My plan is to try and keep you updated, through this channel, of what you have to look forward to over the coming weeks and months. I hope that you will find what we have planned for you as exciting as we do. Here are some of the headlines, but I’ll also add other posts to fill in some of the detail as well.

  • We are currently working our way through a backlog of items from 1922 – see a forthcoming post from David on this
  • The ‘Book” pages are currently undergoing a revamp, not least to take into the fact there are now two volumes with the third well on its way
  • Opening up a whole new ‘regional’ area of the website – see another post from David on the rationale for this

As always we welcome your feedback so please don’t be shy. You can tell us what you think by clicking on the reply button below.

Some insight on Charlie’s early writing

In a recent email from David he dropped in these comments

I know the current releases are short and scrappy in the main, but that is because Charlie was just getting into his stride as a teenager. It is almost behind us now …

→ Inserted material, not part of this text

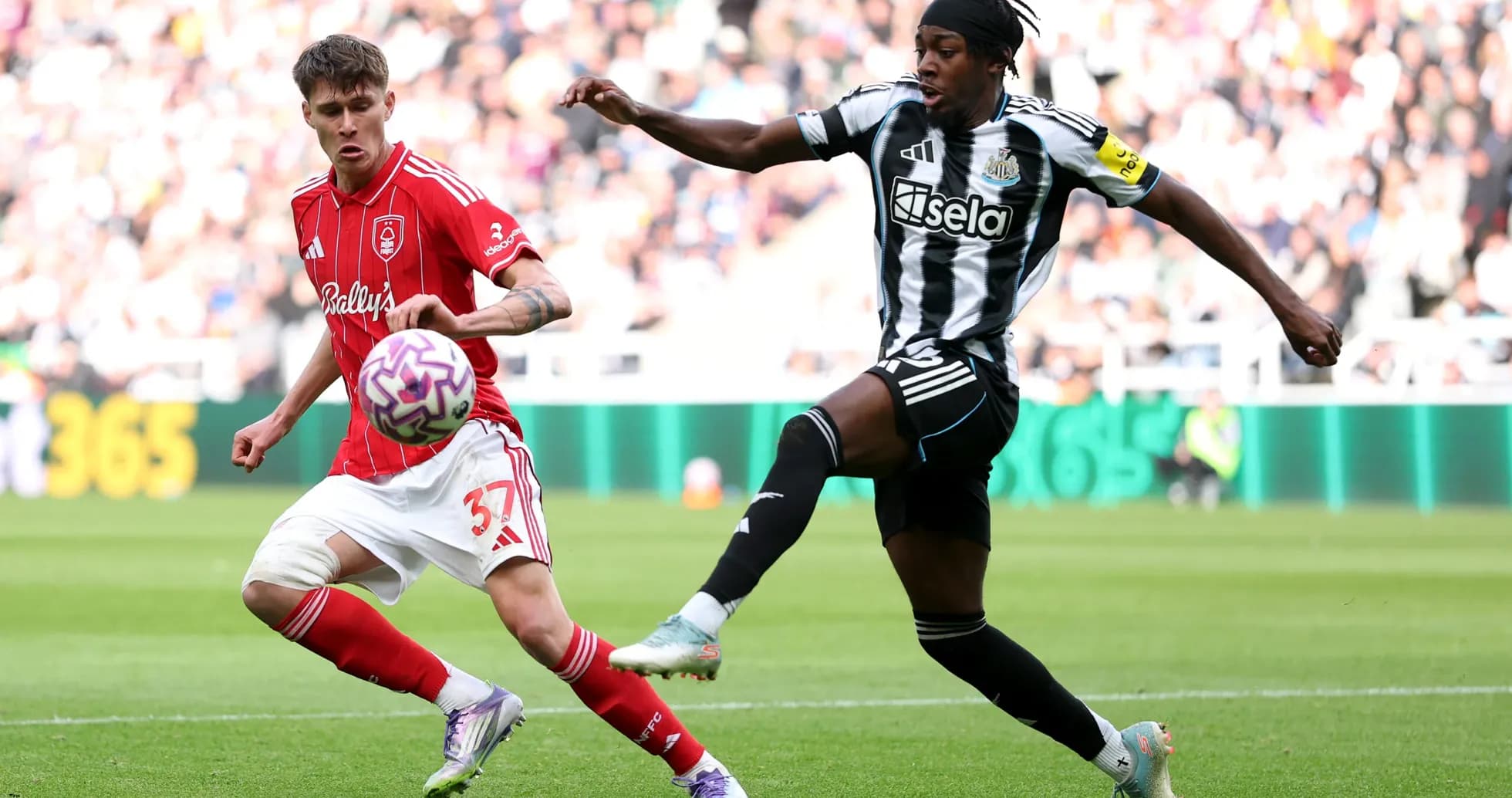 Player tackling during Nottingham Forest vs Newcastle match Player tackling during Nottingham Forest vs Newcastle match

Charlie’s output for his first year of keeping a journal was a total of 34 pages. 1923 a total of 93 pages 1924 a total of 167 pages including his first efforts at sketching. 1925 comes to 260 pages!

Lots of material and none of those years contain articles scheduled for Books.

Our dedicated band of followers may only be small but I hope that this whets your appetite and keeps you looking forward to what is to come in the future.

Autumn Schedule notification

I have just received details from David of the articles that will be released over the next couple of months and I wanted to share these with you now.

I haven’t had a chance to look through this list yet to see if there is an underlying theme. Maybe you can spot one, or maybe David will let us in on it in due course.

January ‘Cycling World’

The January edition of ‘Cycling World‘ (on sale at most W H Smith branches) has really done Charlie Chadwick proud.  A six page spread which includes reproducing Charlie’s entertaining story set in the Lake District titled ‘In Festive Mood’ describing a New Year We.R.7 break in Patterdale in 1928.

Quite apart from an informed review of our first Charlie Chadwick volume, there is a full page biography of Charlie including his nineteen fifties passport photograph in a very striking suit (also reproduced here), a mode of dress I would never associate with Charlie.

The New Year holiday at Patterdale reads just like the clubrun/hostel weekends I remember so well from my youth, and all the antics they get up to in just a few days in the Lakes makes very good reading.  That is Charlie’s gift to us – the ability to bring the past to life in a way that we can relate to.